▶ Exercise brief
Transcribe, exactly and without pictures, the lines below from the line with "F21 Round Gradient" to the line with "LONG YKK ZIP", both ends included, and no others.

▶ Records to process

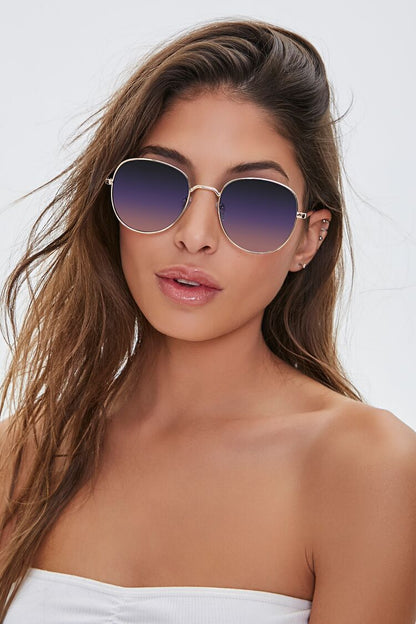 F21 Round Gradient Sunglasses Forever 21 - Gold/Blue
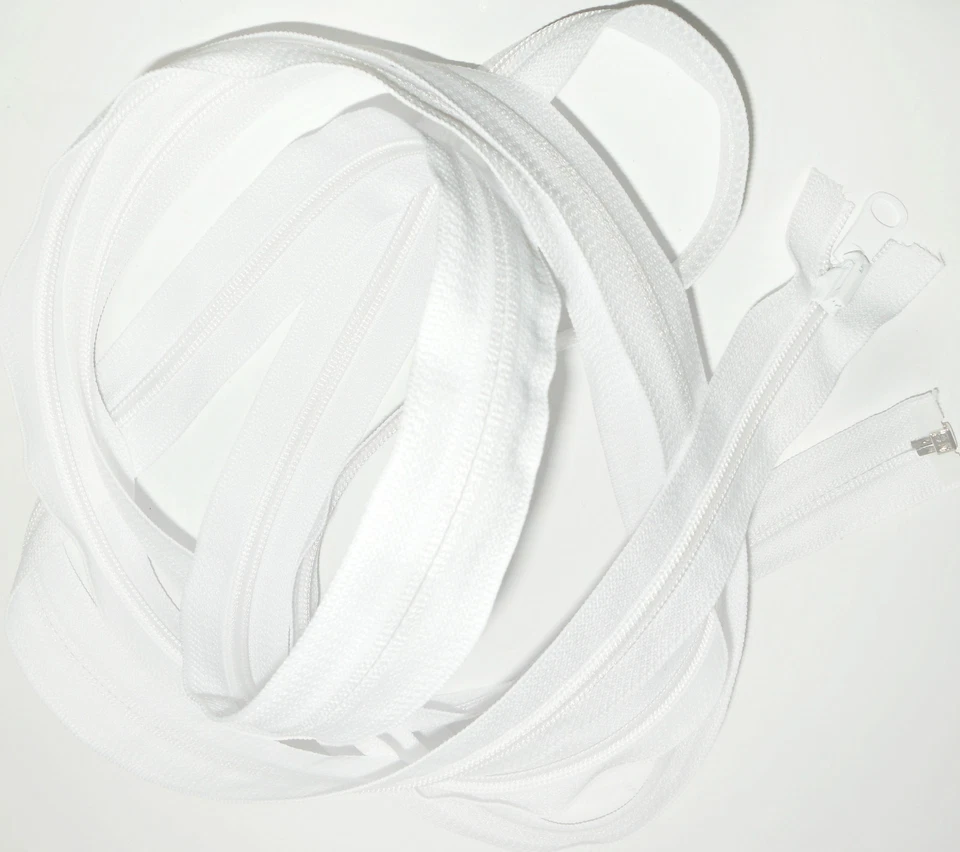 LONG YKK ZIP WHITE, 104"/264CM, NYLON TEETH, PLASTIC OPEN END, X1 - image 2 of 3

==

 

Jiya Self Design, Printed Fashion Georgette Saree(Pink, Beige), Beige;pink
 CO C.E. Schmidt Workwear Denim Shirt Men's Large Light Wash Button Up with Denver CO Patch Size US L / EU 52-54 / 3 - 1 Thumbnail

▶ Answer to the problem
 F21 Round Gradient Sunglasses Forever 21 - Gold/Blue
 LONG YKK ZIP WHITE, 104"/264CM, NYLON TEETH, PLASTIC OPEN END, X1 - image 2 of 3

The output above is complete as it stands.